= Earthset =

Photograph of Earth from the Artemis II mission

Earthset, by Christina Koch aboard the Integrity capsule of Artemis II, 2026

Earthset is a photograph of Earth taken by American astronaut Christina Koch on April 6, 2026 at 22:41 UTC from the Integrity capsule during the Artemis II crew's flyby of the Moon. It is similar to Earthrise, a 1968 photograph taken by American astronaut William Anders during the Apollo 8 mission, in which Earth appears to rise above the Moon's horizon during lunar orbit. Koch captured the image using a Nikon D5 camera. (Note: The image metadata indicates that it was taken using a Nikon D5 camera with an 80–400 mm lens at a focal length of 400 mm, an aperture of , an exposure time of 1/1000 second, and an ISO setting of 400; the image was later processed using Adobe Photoshop Lightroom Classic.)

==Details==

Approximate orientation of Earth as photographed

The image shows Earth setting behind the cratered lunar surface, with the planet's night side in darkness, and sunlit cloud systems visible over the Australia and Oceania regions.
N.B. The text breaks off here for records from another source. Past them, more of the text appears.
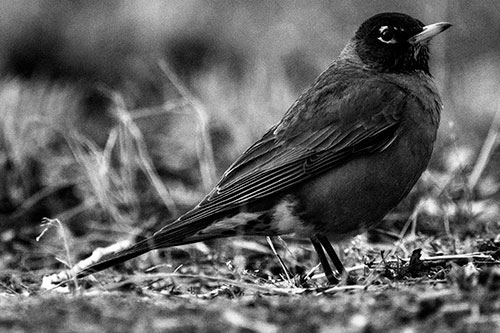 American Robin Standing Strong Among Dead Leaves (Gray Photo)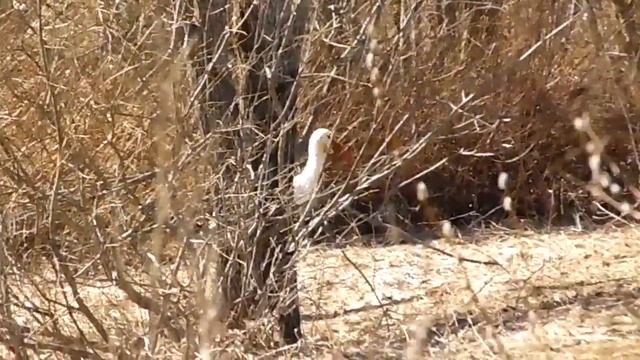 Скрытая камера у аистов\\Аист гуляет, ухаживает за женой, сушит перья после водных процедур смотреть онлайн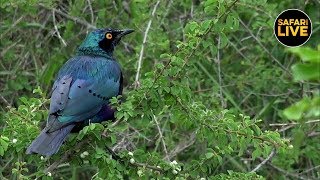 safariLIVE - Sunrise Safari - February 9, 2019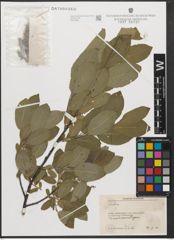 Foto von Salix L.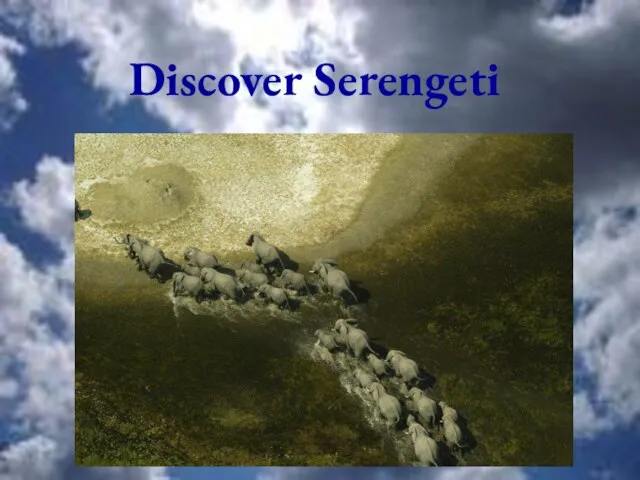 Discover Serengeti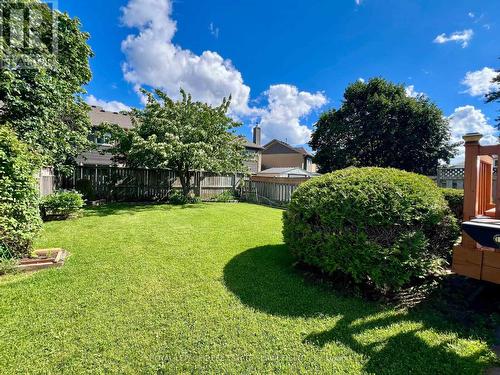 Cherry Tree, Perennial Plans, Green Space - 3364 Ingram Road, Mississauga, ON - Outdoor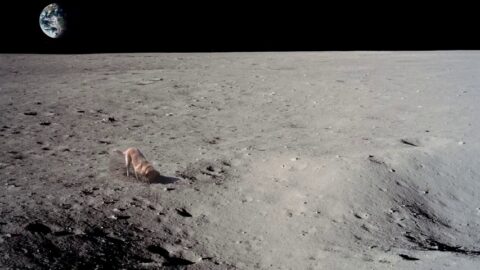 Dog On Moon Digging Holes Funny Desktop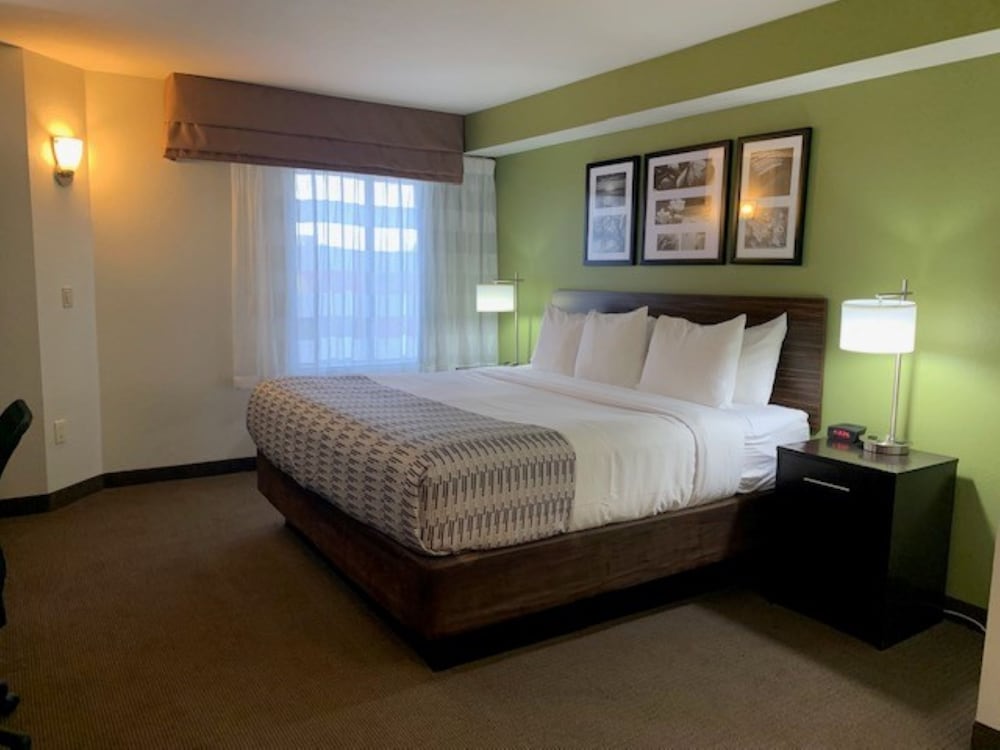 Standard Room, 1 Queen Bed, Accessible, Refrigerator & Microwave - Photo 6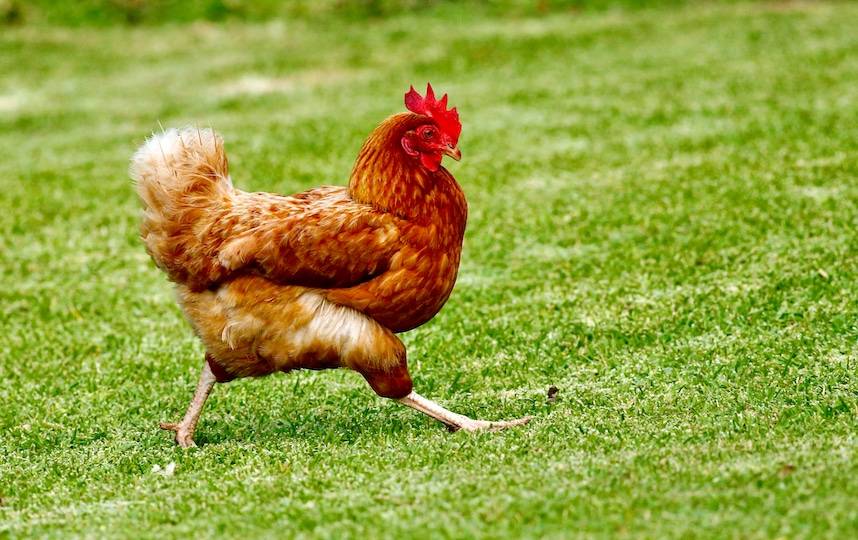 Chicken breeds chart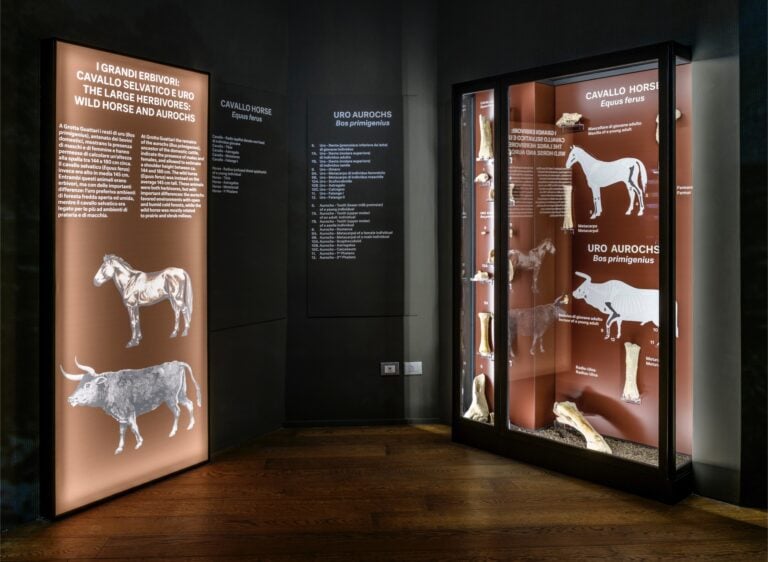 Installation view LABORATORIO NEANDERTHAL. Le scoperte di Grotta Guattari. MUCIV-Museo delle Civilt&agrave;, Roma. Foto Giorgio Benni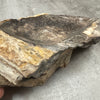 Raw Petrified Wood Natural Stone Luxury Dish & Bowl (PD6)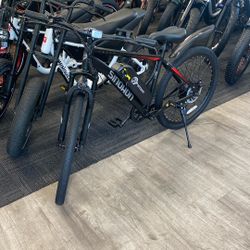 Sinohon EM200D EBike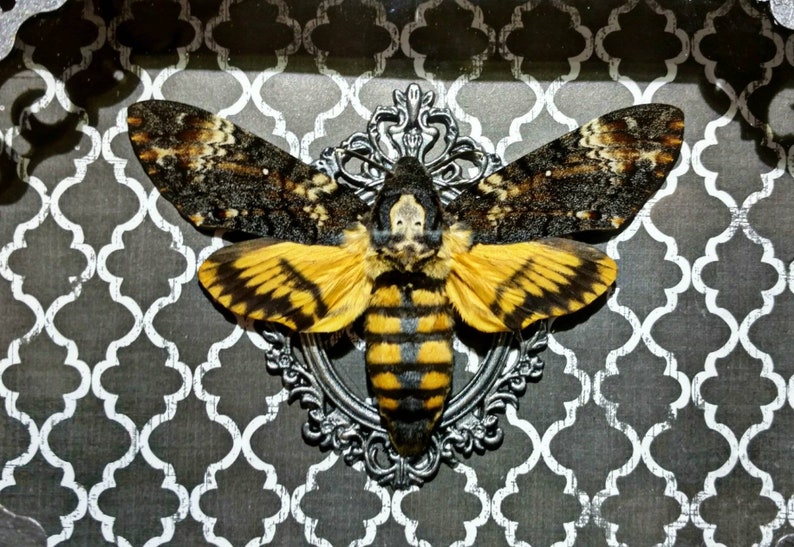 Death Head Moth Taxidermy Art Made to Order Etsy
In the foreground the Ohm crater on the far side of the Moon is visible, characterized by terraced edges and a relatively flat floor interrupted by central peaks, which form when the lunar surface, temporarily liquefied during impact, rebounds upward during crater formation. The photo was taken at 22:41 UTC (18:41 EDT) on April 6, 2026 during the lunar flyby of Artemis II, on a Nikon D5 camera by mission specialist Christina Koch, the first woman to travel near the Moon, through the window of the Orion spacecraft Integrity, and later processed in Adobe Photoshop Lightroom Classic.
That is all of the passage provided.